◆ Dataset content ◆
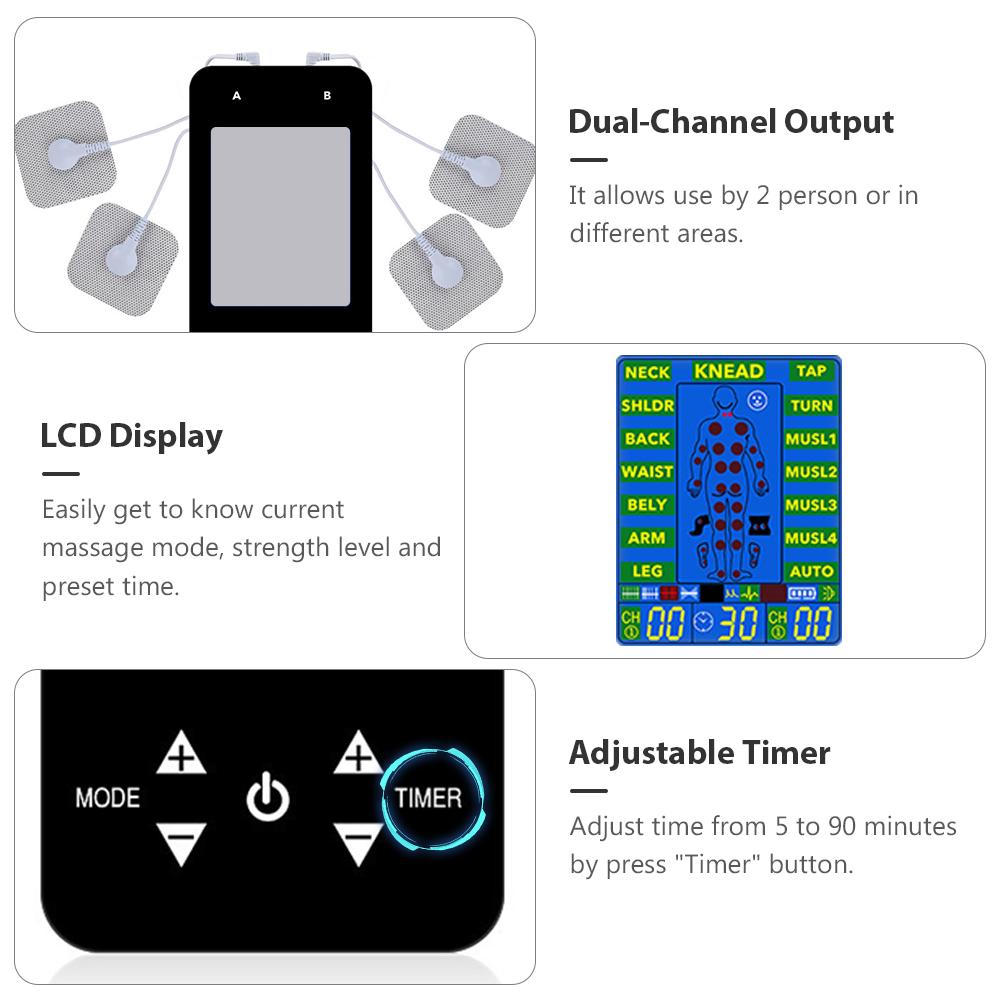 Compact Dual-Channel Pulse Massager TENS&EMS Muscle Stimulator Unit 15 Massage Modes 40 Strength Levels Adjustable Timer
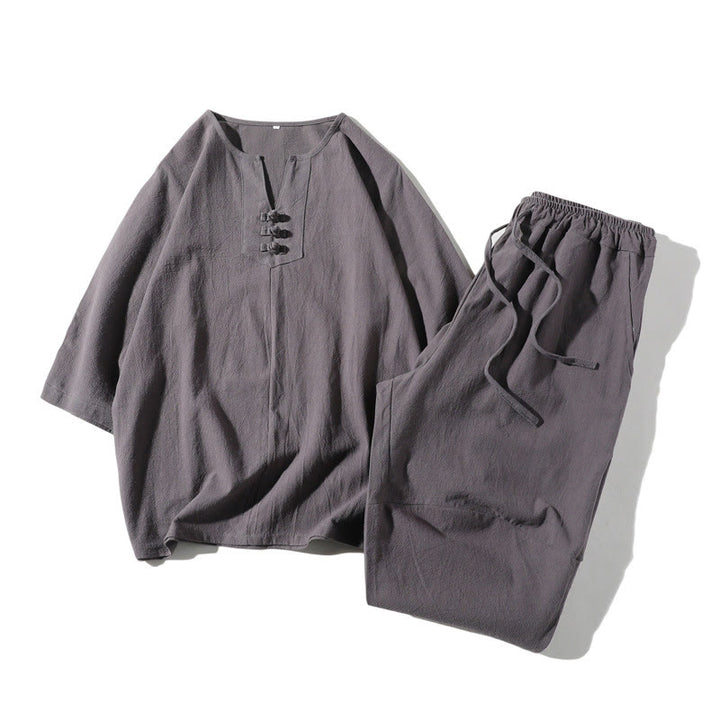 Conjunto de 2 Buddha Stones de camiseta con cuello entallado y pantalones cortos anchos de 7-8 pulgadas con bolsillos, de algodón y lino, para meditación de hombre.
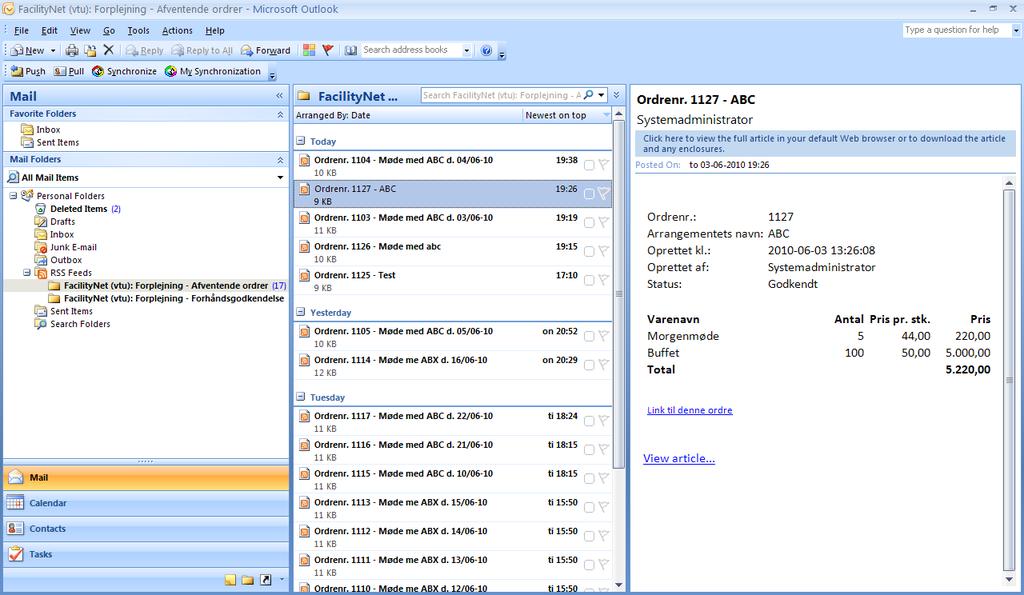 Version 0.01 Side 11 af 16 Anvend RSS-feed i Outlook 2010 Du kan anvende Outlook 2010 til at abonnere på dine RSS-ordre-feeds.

◆ Task objective ◆
Only the lines from the one containing "Conjunto de 2" to the end of the listing belong in the answer, exactly as they stand and with no pictures.

◆ Solution for this problem ◆
 Conjunto de 2 Buddha Stones de camiseta con cuello entallado y pantalones cortos anchos de 7-8 pulgadas con bolsillos, de algodón y lino, para meditación de hombre.
 Version 0.01 Side 11 af 16 Anvend RSS-feed i Outlook 2010 Du kan anvende Outlook 2010 til at abonnere på dine RSS-ordre-feeds.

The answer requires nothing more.